Consider this. One of the smallest Qwen models (4B parameters) powers my home automation voice assistant, and runs on CPU alone at >20 tok/s. It is enough for that use case, and could be made even better/faster with a modest GPU. It isn't as smart as some cloud-connected thingamajig, but I would never allow a literal Google or Amazon bug in my home. Huge SOTA models aren't relevant everywhere. Most people use LLMs for rather trivial tasks such as finding typos or drafting text.

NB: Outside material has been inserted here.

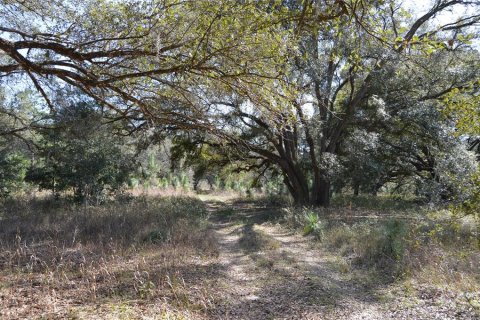Terreno en venta en Spring Hill, Florida № 1804637 - foto 12
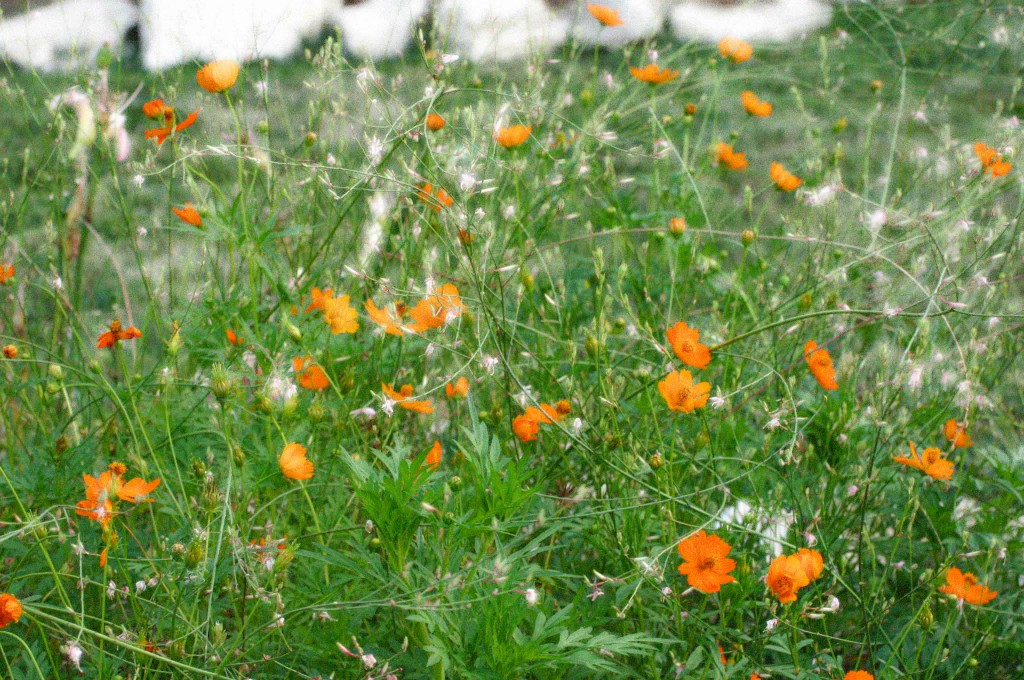field of orange flowers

But with Apple's AFM 3 architecture, we might end up with huge SOTA adjacent on devices with limited RAM.
They use a technique where you only load between 1B and 4B of a 20B dense model for an entire prompt run, not token by token like a MoE, and use mostly the low power ANE instead of GPU cores.
Now, imagine if/when they scale up to 100B or more? On a chip using 2W?
I think we're also ignoring a potential innovative move in how models work.
If someone could splinter or fragment the models into more specific tasks i.e "spellchecker AI" and get these working as well as Sonnet 4.6-4.8 on those tasks on a personal laptop. You then question the $100 a month fee.
Bear in mind these laptops are likely to be $5000 or so because of the memory, HDD and M7 chip they likely need.
It feels to me like the beginning of the inflection point but software updates not hardware updates will be the accelerant.
"That’s where EMO comes in.
We show that EMO – a 1B-active, 14B-total-parameter (8-expert active, 128-expert total) MoE trained on 1 trillion tokens – supports selective expert use: for a given task or domain, we can use only a small subset of experts (just 12.5% of total experts) while retaining near full-model performance."